What you are asked to do:
Return the data below in full and exactly, except that the pictures are dropped.

Supplied data:
════════

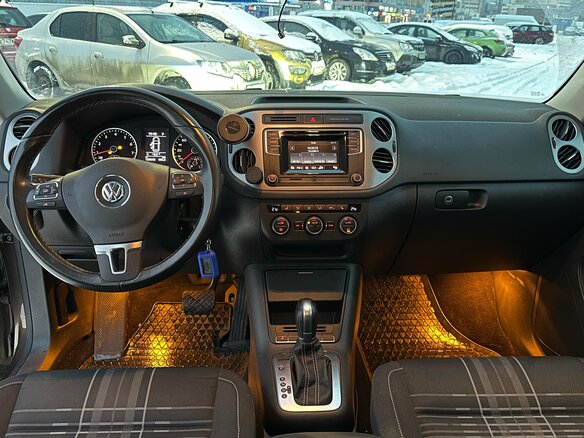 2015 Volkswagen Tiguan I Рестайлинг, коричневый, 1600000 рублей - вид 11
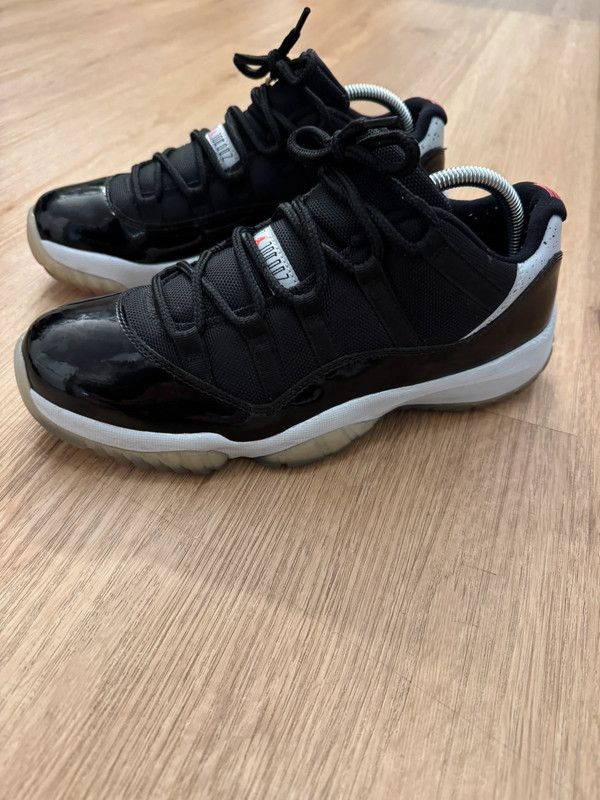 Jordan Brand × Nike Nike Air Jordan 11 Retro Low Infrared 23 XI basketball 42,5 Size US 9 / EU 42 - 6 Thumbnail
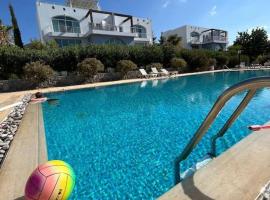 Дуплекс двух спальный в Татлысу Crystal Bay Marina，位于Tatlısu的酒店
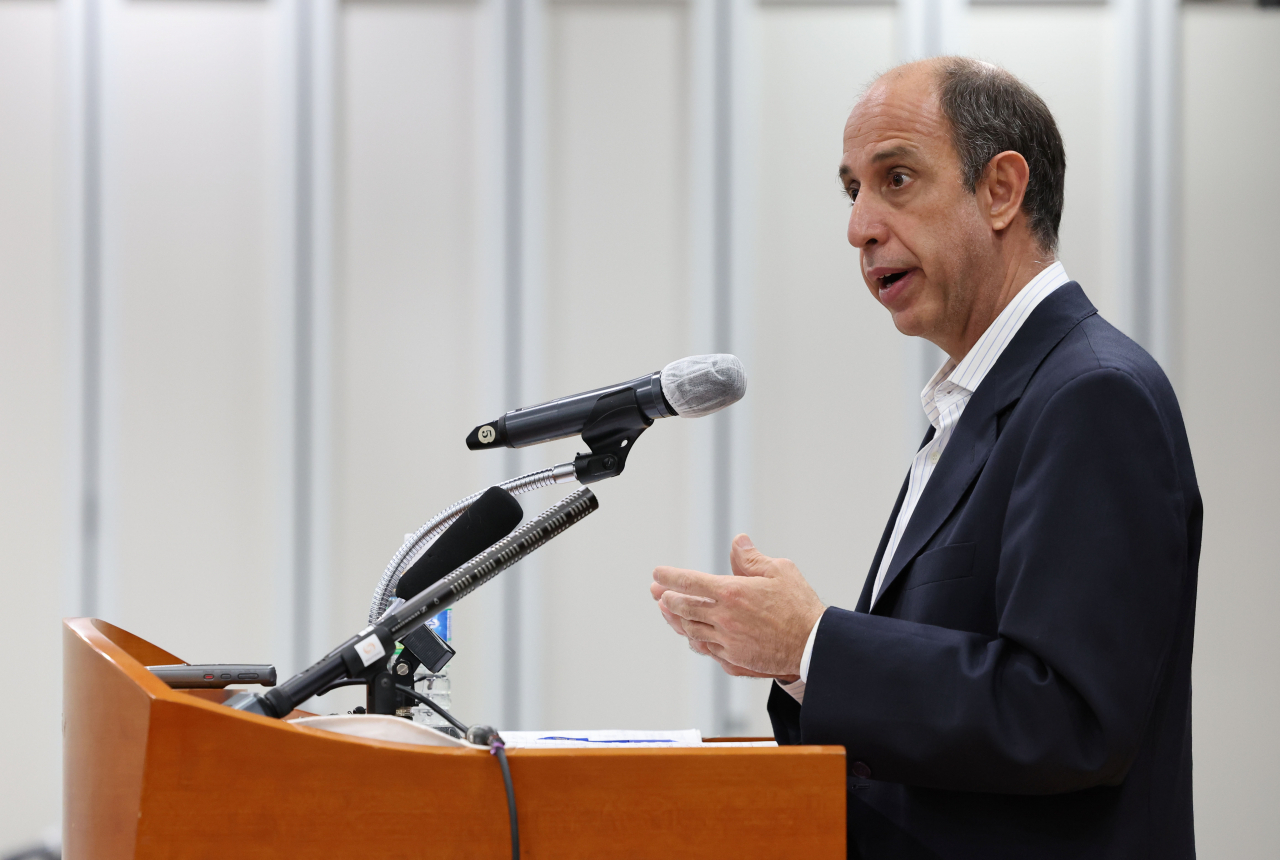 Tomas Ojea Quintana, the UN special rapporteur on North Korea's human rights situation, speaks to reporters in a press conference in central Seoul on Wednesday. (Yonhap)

════════

Response to the task:
 2015 Volkswagen Tiguan I Рестайлинг, коричневый, 1600000 рублей - вид 11
 Jordan Brand × Nike Nike Air Jordan 11 Retro Low Infrared 23 XI basketball 42,5 Size US 9 / EU 42 - 6 Thumbnail
 Дуплекс двух спальный в Татлысу Crystal Bay Marina，位于Tatlısu的酒店
 Tomas Ojea Quintana, the UN special rapporteur on North Korea's human rights situation, speaks to reporters in a press conference in central Seoul on Wednesday. (Yonhap)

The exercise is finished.